**Exercise:** Copy each line below exactly as it appears. Pictures are to be omitted.

**Available data:**
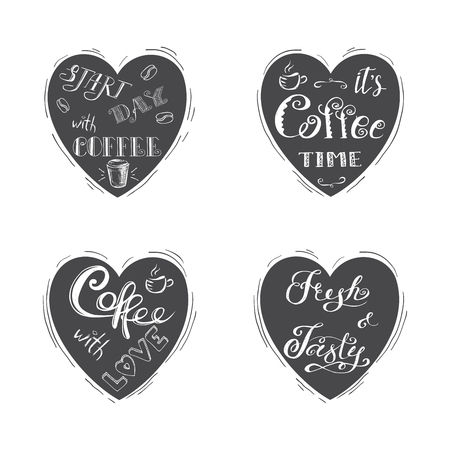 Dark heart with white coffee lettering and quotes,hand drawn vector illustrationのイラスト素材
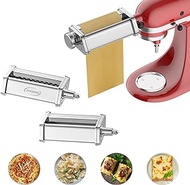 TPGSING 3-Piece Stainless Steel Noodle Attachment for Kitchenaid Stand Mixer, Pasta Machine for Kitchenaid Accessories Including Spaghetti Cutter, Pasta Roller and Fettuccine Cutter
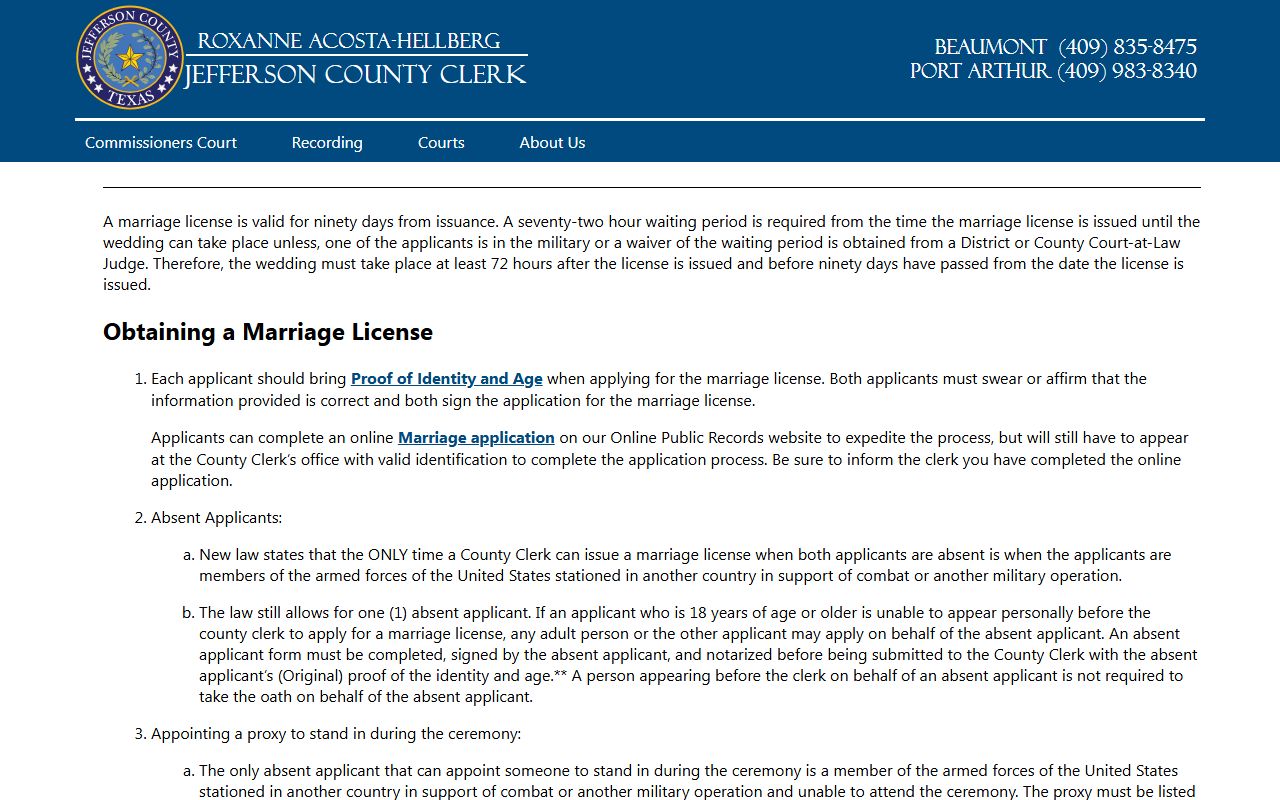 Jefferson County marriage license requirements with 72-hour waiting period and 90-day validity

**Response for this exercise:**
 Dark heart with white coffee lettering and quotes,hand drawn vector illustrationのイラスト素材
 TPGSING 3-Piece Stainless Steel Noodle Attachment for Kitchenaid Stand Mixer, Pasta Machine for Kitchenaid Accessories Including Spaghetti Cutter, Pasta Roller and Fettuccine Cutter
 Jefferson County marriage license requirements with 72-hour waiting period and 90-day validity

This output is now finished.